隣はおろか、近くの本を手当たりしだいにめくってみた。だが二度と、アイツを見つけ出すことはできなかった。
指先で両まぶたをもんでから、私は首筋をほぐすようにグルグルとまわした。
見つからなくて当たり前だ。
近ごろ、出張と残業が続いている。疲れのせいで幻覚でも見たのだろう。
今回の出張。
今日のうちに残りの営業をすませ、明日には会社にもどらなくてはならない。
――人が虫になるわけがない。
自分に言い聞かせるようにつぶやき、私は足早にその古本屋をあとにした。
翌日。
帰りの電車の中、学生時代のアイツのことを思い出していた。それも最後の試験が間近にせまっていた頃のことを。
アイツは講義をさぼっては、あの古本屋へ通い何時間も過ごしていた。だから就職も当然のように決まっていなかった。
「卒業したらどうするんだ?」
心配になって聞いたことがある。
「仕事についたら、本を読む時間がなくなるじゃないか。オレはアリのように、あくせく働く気なんてないんだよ」
今でもよく覚えている。のんきに笑ったアイツの顔を……。
――アイツの言ったアリになっちまったな。
卒業してからは、ずっと仕事に追われてきた自分のことを思った。
――まあ、それもいいじゃないか。好きで働いてきたんだろう。
自分をさとすようにつぶやく。
私は電車を降りると、その足でタクシーを拾い会社へと直行した。
「お客さん、着きましたよ」
運転手の声で目を覚ました。
出張の疲れが出たのか、私はいつしか眠ってしまったようだ。
料金を支払い、歩道側のドアが開く。
と、そのとき。
「ない!」
私はおもわず声をあげていた。
会社がないのだ。社屋である五階建てのビルが、敷地だけを残し跡形もなく消えている。
場所はまちがいなくここだ。まわりのビルは以前と変わらずあるのだから……。
とりあえずタクシーを降りて、私は雑草のしげる敷地の中に足を踏み入れた。
――どういうこと?
思考能力がこわれてしまったのか、何も考えられない。その場で、ただ茫然と立ちつくしていた。
「どうだった、出張は?」
背後からの声で、ふと我に返った。そして振り向いた瞬間、私は目を大きく見開いた。
なんと……。
片手をあげた同僚が、顔以外すべて、アリに姿を変えている。さらに周囲は、うっそうとした緑のジャングルである。

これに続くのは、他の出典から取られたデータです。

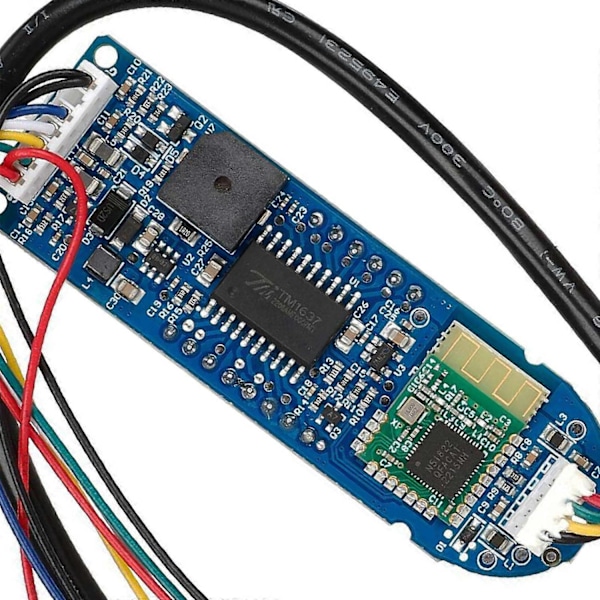 Scooter Instrumentpanel Brytarpanel Kompatibel med Ninebot F20/F25/F30/F40 Display Ersättning-WELLNGS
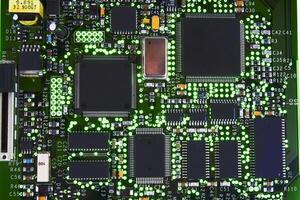 processor as a background photo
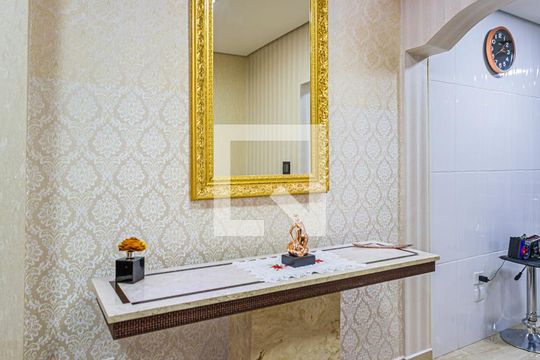 Sala de casa à venda com 3 quartos, 325m² em Parque Marajoara, Santo André
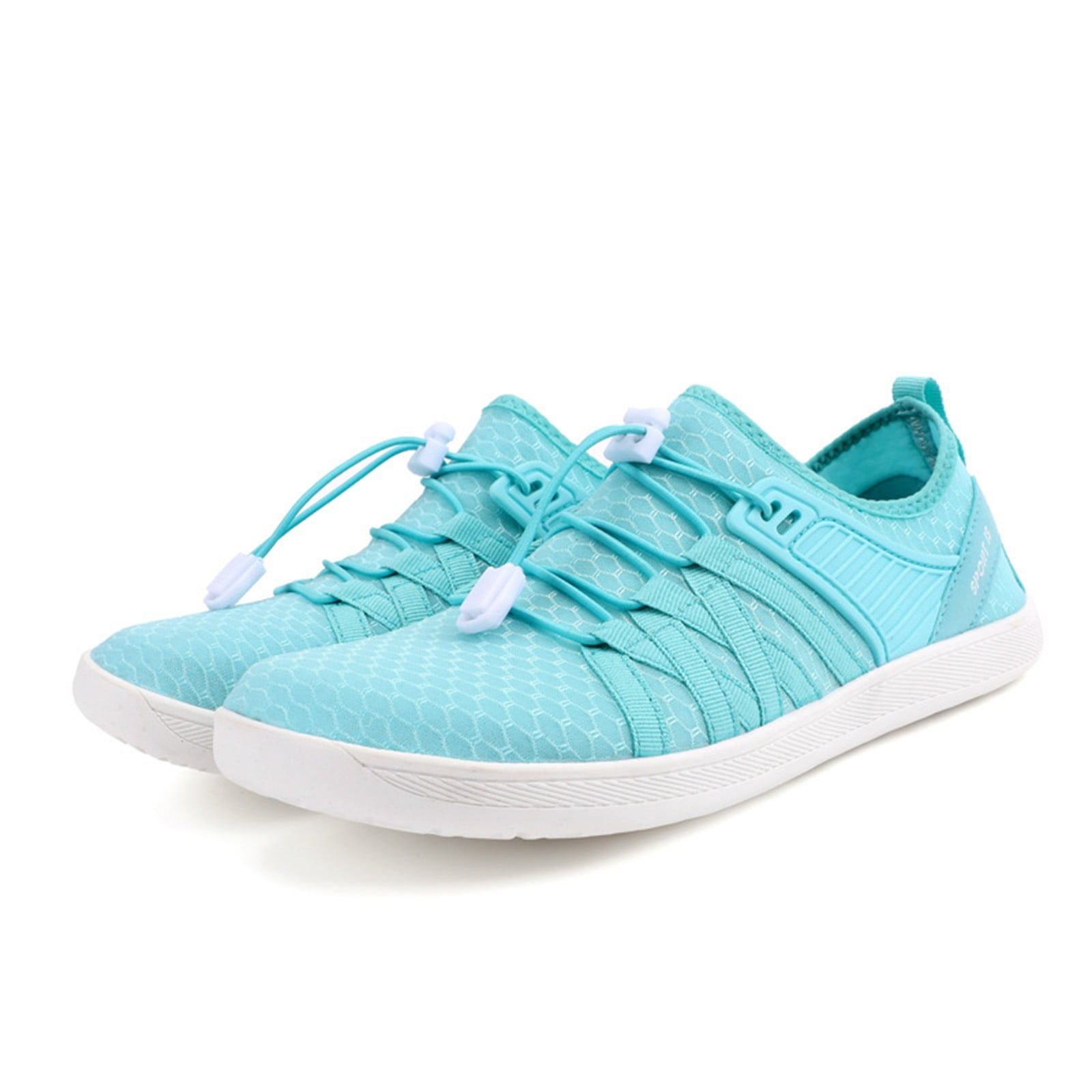 Mepaouo Barefoot Shoes for Women Men Breathable Running Walking Hiking Water Shoes Wide Toe Sneakers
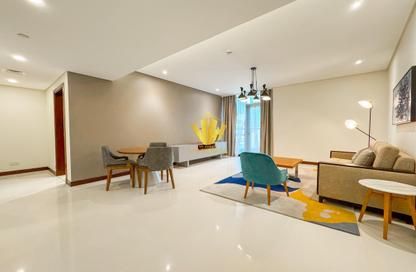 Apartment - 1 Bedroom - 2 Bathrooms for rent in Al Juffair - Capital Governorate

「なにやってんだ。早いとこ、出張の報告書を作らなきゃならんのだろう」
とまどっている私の腕をつかむと、同僚は先導するようにジャングルの中を速足で進んだ。
そこには洞窟があった。
やっと入れるほどの小さなもので、入り口には階段があり、それは地下に続いているようだった。
――ああ、そうか、そうだったんだ。なんのことはないじゃないか。
ふいに記憶がよみがえる。同時に、胸の中の不安はたちどころに消え去っていた。
私はひとつ深呼吸をした。
ここちよい風が私の触角をくすぐる。
風のにおい。
土のにおい。
草のにおい。
それらがとてもなつかしく感じられた。